The decision by Peru’s government was announced last week after a meeting by the Lima Group, an ad-hoc alliance created in August 2017 in Lima to "monitor" Venezuela until the country “returns to democracy.”

Venezuelan Foreign Minister Jorge Arreaza sent a formal response Monday arguing there is no impediment for Venezuela to attend the Summit, reiterating Maduro’s participation. Arreaza explained to his Peruvian counterpart that “neither Peru, nor any other state, reserves the right to decide the participation of another member state and founder.”

Arreaza's opinion is shared by the Bolivian legislator, who has argued that the Peruvian government and the Lima Group cannot decide who will participate in the Organization of American States, OAS, meeting.

Silva told Sputnik “the Summit doesn’t depend at all on the Lima Group, and those who celebrate this decision do not realize it is not a decision by the Summit’s institutionality.”   

The irregular ban on Venezuela has been criticized by Bolivia, Uruguay, Cuba and the Dominican Republic. The latter mediated and hosted a series of talks between the Venezuelan opposition and the government to secure an agreement on democratic coexistence.

The final agreement sent to both parties, which included provisions to seek and end to economic and financial sanctions and measures to ensure electoral transparency in the April 22 presidential elections, was signed by the Venezuelan government but rejected by the opposition.

The decision by Venezuela’s opposition to back out of the agreement coincided with a Latin American tour held by the United States Secretary of State Rex Tillerson, who called for an oil embargo on Venezuela and hinted at a military coup.

The U.S. has welcomed the anti-Venezuela decision announced by Lima and endorsed by Lima Group members: Argentina, Brazil, Canada, Chile, Colombia, Costa Rica, Guatemala, Guyana, Honduras, Mexico, Panama, Paraguay, Peru and Saint Lucia.

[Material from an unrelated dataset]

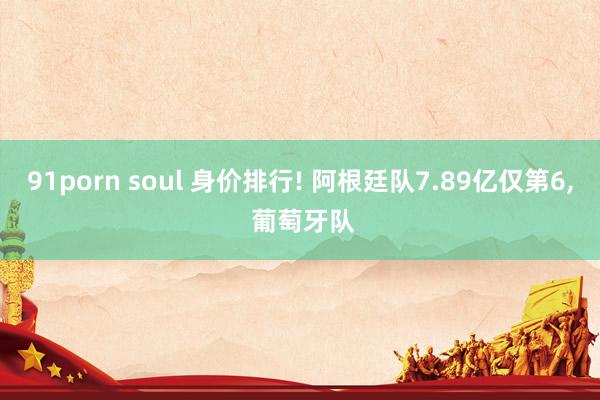 91porn soul 身价排行! 阿根廷队7.89亿仅第6， 葡萄牙队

However, the Venezuelan and Bolivian governments have questioned the democratic credentials of many of the group’s members. They cited the Peruvian president’s controversial decision to pardon former president Alberto Fujimori, who was serving a 25 year sentence for crimes against humanity, and Brazil’s “illegitimate” President Michel Temer, who replaced democratically-elected President Dilma Rousseff after what many analysts call a “parliamentary coup.”